« Nicolas Hulot approche les choses avec réalisme », apprécie André Gattolin, sénateur écologiste désormais membre du groupe La République en marche.
Après l’annonce par le ministre de la Transition écologique de son Plan climat, beaucoup avaient critiqué son silence sur la fermeture des centrales nucléaires. Nicolas Hulot s’était en effet borné à « espérer » tenir l’objectif d’une réduction de 75 à 50% de la part du nucléaire dans la production d’électricité.
« C’est la fin du « dogme ‘on ne ferme rien'»
Ce matin, invité de la matinale de RTL, le ministre de la Transition écologique a toutefois précisé les choses : « Avec le Plan climat, on a confirmé que la part du nucléaire dans la production d’électricité sera de 50%. Chacun peut comprendre que pour tenir cet objectif, on va fermer un certain nombre de réacteurs (…) Laissez-moi planifier les choses, ce sera peut-être jusqu’à 17 réacteurs, il faut qu’on regarde. »
Charlotte Migeon, du réseau Sortir du nucléaire, se réjouit d’un « chiffre suffisamment précis pour ne pas avoir été issu d’une certaine réflexion ». Plus encore, c’est la fin du « dogme ‘on ne ferme rien’ » qu’elle salue : « Pour la première fois, un ministre de l’Environnement parle de fermer des réacteurs et un certain nombre, pas juste quelque chose de symbolique comme Fessenheim. »
« 17 réacteurs, ce n’est pas suffisant »
Pour autant, elle regrette qu’il ne s’agisse que d’une « fourchette », Nicolas Hulot ayant précisé qu’il fermerait « jusqu’à 17 réacteurs ». « 17 c’est le haut de la fourchette », remarque-t-elle. Et qui plus est, « ce n’est pas suffisant ». Charlotte Migeon rappelle qu’ « en 2025, 34 réacteurs auront dépassé leur durée de fonctionnement (30 ans) ».

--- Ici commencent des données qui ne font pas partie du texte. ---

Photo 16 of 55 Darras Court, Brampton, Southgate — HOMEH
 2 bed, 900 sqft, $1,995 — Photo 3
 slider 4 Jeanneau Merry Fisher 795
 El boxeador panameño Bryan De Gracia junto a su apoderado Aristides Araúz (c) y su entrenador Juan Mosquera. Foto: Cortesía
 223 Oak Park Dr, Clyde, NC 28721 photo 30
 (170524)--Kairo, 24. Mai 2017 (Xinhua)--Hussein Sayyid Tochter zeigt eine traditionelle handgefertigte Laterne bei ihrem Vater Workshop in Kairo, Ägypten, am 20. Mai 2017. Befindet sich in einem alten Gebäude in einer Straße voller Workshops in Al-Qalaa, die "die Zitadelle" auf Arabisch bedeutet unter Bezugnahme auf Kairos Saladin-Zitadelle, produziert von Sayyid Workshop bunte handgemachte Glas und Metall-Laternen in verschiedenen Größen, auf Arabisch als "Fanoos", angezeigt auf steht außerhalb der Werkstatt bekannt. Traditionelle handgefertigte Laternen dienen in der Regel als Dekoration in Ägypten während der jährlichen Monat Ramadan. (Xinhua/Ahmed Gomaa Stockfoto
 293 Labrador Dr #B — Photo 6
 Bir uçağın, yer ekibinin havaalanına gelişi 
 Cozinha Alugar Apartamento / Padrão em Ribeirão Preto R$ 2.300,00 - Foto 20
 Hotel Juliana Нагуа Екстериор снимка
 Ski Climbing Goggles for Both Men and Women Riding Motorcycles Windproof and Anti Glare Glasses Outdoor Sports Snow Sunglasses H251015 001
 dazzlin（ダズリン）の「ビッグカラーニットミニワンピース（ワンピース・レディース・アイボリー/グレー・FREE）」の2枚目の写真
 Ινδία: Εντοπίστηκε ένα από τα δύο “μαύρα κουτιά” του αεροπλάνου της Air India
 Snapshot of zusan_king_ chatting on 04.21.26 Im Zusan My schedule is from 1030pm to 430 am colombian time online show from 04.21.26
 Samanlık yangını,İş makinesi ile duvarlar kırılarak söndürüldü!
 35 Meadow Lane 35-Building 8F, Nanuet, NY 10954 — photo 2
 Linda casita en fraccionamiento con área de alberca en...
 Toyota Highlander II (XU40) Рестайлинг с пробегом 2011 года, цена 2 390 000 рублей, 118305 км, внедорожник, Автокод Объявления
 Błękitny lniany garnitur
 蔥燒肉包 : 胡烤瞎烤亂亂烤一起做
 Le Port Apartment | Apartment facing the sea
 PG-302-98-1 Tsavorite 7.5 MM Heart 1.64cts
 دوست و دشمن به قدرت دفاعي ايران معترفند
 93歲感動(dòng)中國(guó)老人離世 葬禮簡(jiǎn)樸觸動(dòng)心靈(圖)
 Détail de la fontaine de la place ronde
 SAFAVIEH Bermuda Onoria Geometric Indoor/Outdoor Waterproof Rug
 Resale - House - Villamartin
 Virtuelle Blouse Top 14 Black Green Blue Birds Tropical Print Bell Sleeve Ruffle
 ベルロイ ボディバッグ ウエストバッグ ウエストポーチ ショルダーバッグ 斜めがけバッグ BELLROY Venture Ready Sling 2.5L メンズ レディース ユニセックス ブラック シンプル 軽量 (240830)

Elle pointe « des équipements qui vieillissent, dont certains qui ne sont pas remplaçables, comme la cuve du réacteur », et propose leur « fermeture effective (…) dès maintenant », ce qui permettra notamment à Nicolas Hulot de dépasser « l’effet d’annonce ».
« Le vieillissement du parc nucléaire »
André Gattolin s’accorde avec elle sur « le vieillissement du parc nucléaire » et les risques que cela représente, ainsi que sur le coût des réparations de certains réacteurs. Mais le sénateur rappelle que, pour l’instant, le nucléaire permet tant l’ « indépendance énergétique » de la France et sa « sécurité civile », qu’une « production constante » d’énergie. Ainsi la réduction de sa part dans le mix énergétique mérite « une interrogation globale », sur les plans écologique et de la sûreté, mais également aux niveaux géopolitique et économique.
« L’Allemagne a voulu sortir rapidement du nucléaire et a donc dû recourir au charbon, le plus polluant », rappelle André Gattolin. Mais aussi au gaz, qu’elle se fournit auprès de la Russie. Or les relations entre Angela Merkel et Vladimir Poutine ne sont pas au beau fixe.
« Les travaux de prolongation vont coûter extrêmement cher »
Autre problématique, économique. « Il y a des réacteurs dont les travaux de prolongation vont coûter extrêmement cher, pour des résultats dérisoires car certains équipements ne peuvent pas être remplacés », remarque Charlotte Migeon. André Gattolin est également conscient du coût de ces réparations, mais estime qu’il est préférable de « fixer un horizon » comme le propose le ministre de la Transition écologique plutôt que de se précipiter comme l’a fait l’Allemagne.
Le sénateur propose entre autres de développer l’énergie hydroélectrique, « la meilleure énergie renouvelable », qui peut assurer une production constante d’énergie comme c’est le cas aujourd’hui du nucléaire ».
« Un ‘non besoin’ d’une vingtaine de réacteurs »
Charlotte Migeon estime quant à elle que la France est déjà en mesure de produire suffisamment d’énergie en fermant une vingtaine de réacteurs. Elle se réfère ainsi aux travaux de la commission d’enquête relative aux coûts passés, présents et futurs de la filière nucléaire (2013), qui s’est elle-même référée aux propos de Laurent Michel, directeur général de l’énergie et du climat : « Dans l’hypothèse d’une part du nucléaire de 50 % en 2025, les besoins seraient de 36 à 43 gigawatts, ce qui correspond, indépendamment des problèmes de sûreté, à un ‘non besoin’ » d’une vingtaine de réacteurs. »
« Le travail que fait Nicolas Hulot peut paraître ingrat aux écolos », admet André Gattolin. Mais selon lui, sa « remise à plat de toute la politique énergétique » est nécessaire avant toute chose.